If the SEC does move to restrict staking, I’d expect for the crypto industry to put up a major legal challenge – much in the way diverse participants collaborated to prevent U.S. President Donald Trump’s administration’s eleventh-hour ban on “unhosted wallets.” In just a few years, staking has gone from a theoretical security mechanism to the backbone of many high-valued blockchains – comprising about a quarter of the crypto industry’s market cap. And while Armstrong may be a bit bold in calling staking a “national security” interest, it is a growing economic activity regularly tracked by firms like JPMorgan.

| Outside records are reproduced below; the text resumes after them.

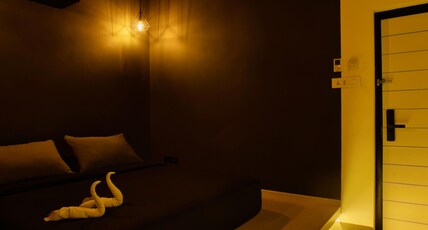 Hotel Cineplex Room Type - Deluxe Screen with 140 inch display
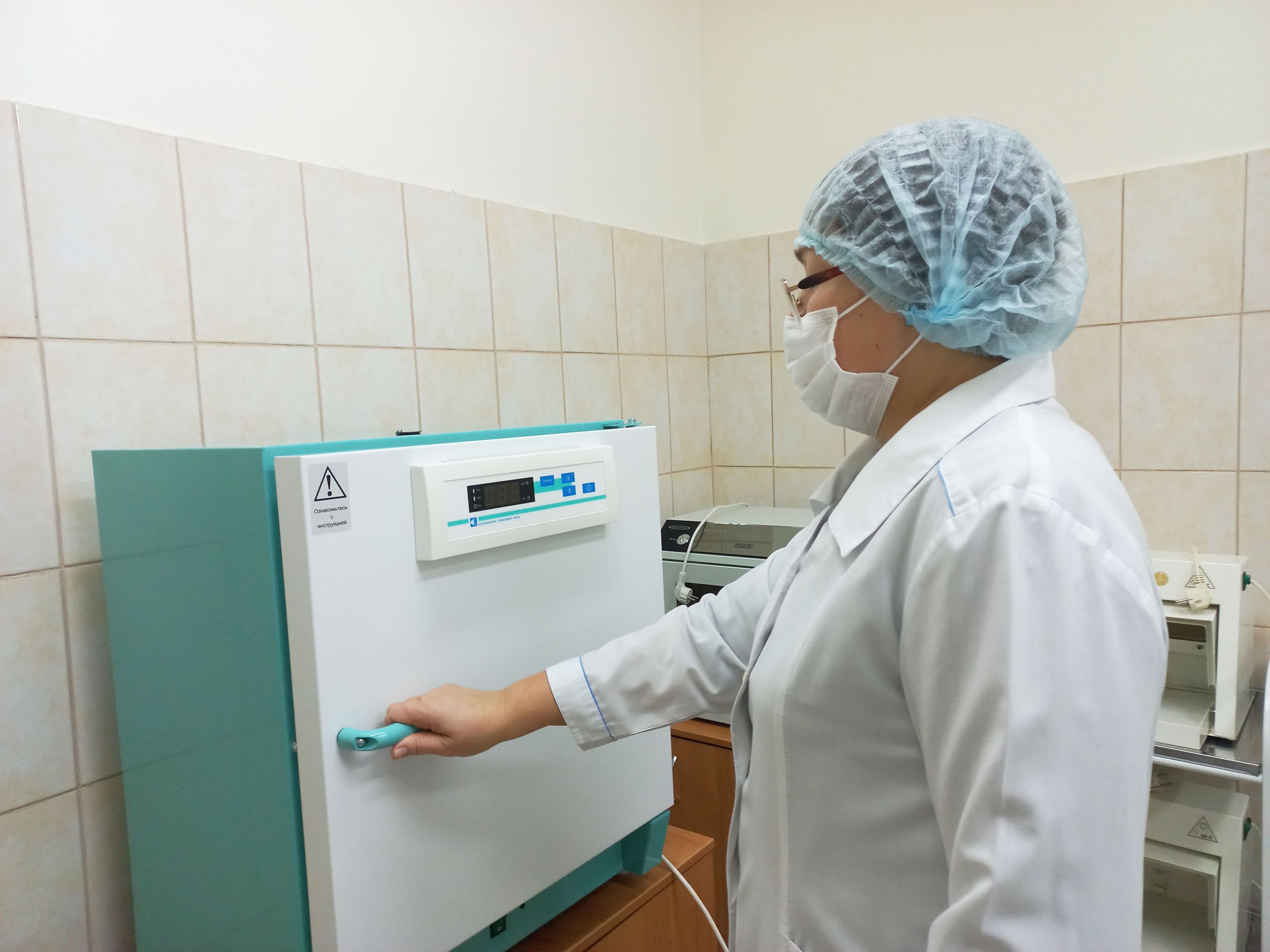 В детские поликлиники Пензы закуплены воздушные стерилизаторы для обработки инструментов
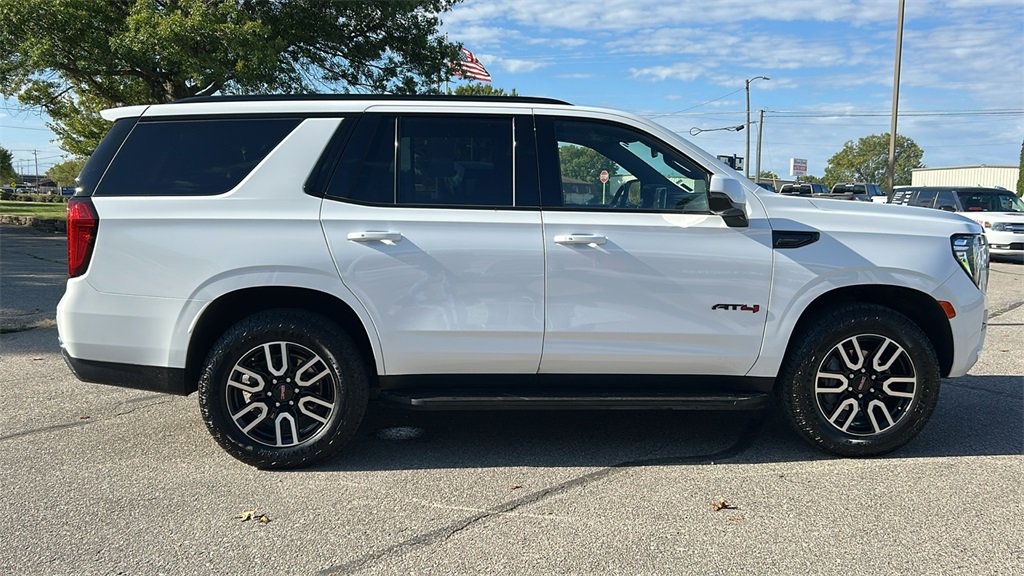 2023 Gmc Yukon AT4 photo 2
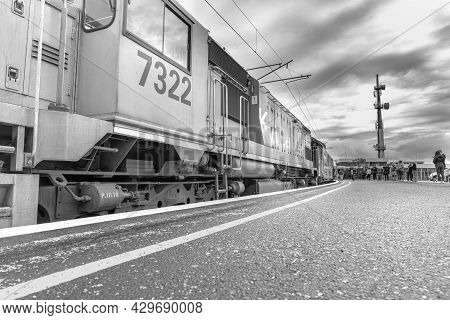 Hamilton New Zealand - July 26 2021; Kiwi Rail Northern Explorer Tourist Train 7322 Stopped At Frank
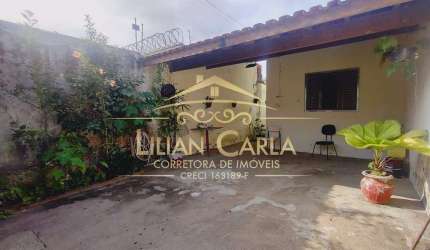Casa à venda em Mongaguá com 3 dorm, 1 suíte, 2 vagas de garagem por apenas R$ 280 mil!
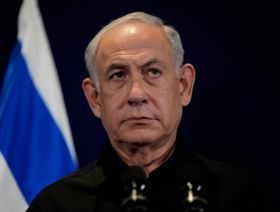 رئيس وزراء إسرائيل السابق: نتنياهو مصاب بـ"انهيار عصبي" وبات خطراً على البلد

For all I know, the SEC could be right in saying that staking – which incentivizes people to secure a crypto network through payments – does satisfy the “Howey Test” to determine if an asset is a security. But that shouldn’t be up to the SEC to decide alone. It’s also worth noting that staking is not really like “crypto lending,” which requires exchanges to seek yield to pay to depositors, such as the shuttered Gemini “Earn” platform or Coinbase’s DOA offering the SEC shut down. Staking has its risks – protocols could be compromised, companies can cheat – but it’s part of an open-source process baked into a blockchain’s security, making it far less risky than rehypothecation-driven yield programs.

All that said, the recent staking rumors seem to be part of a widespread crackdown against the crypto industry. As venture capitalist Nic Carter wrote, nearly every financial watchdog seems to be working towards detaching crypto from the real economy – in particular by using the private banking sector as a cudgel. If this speculation is true, what Carter deemed “Operation Choke Point 2.0” after the Obama-era campaign to de-bank legal but morally dubious businesses, crypto has bigger problems at hand. Staking should stay open, even if Coinbase goes down.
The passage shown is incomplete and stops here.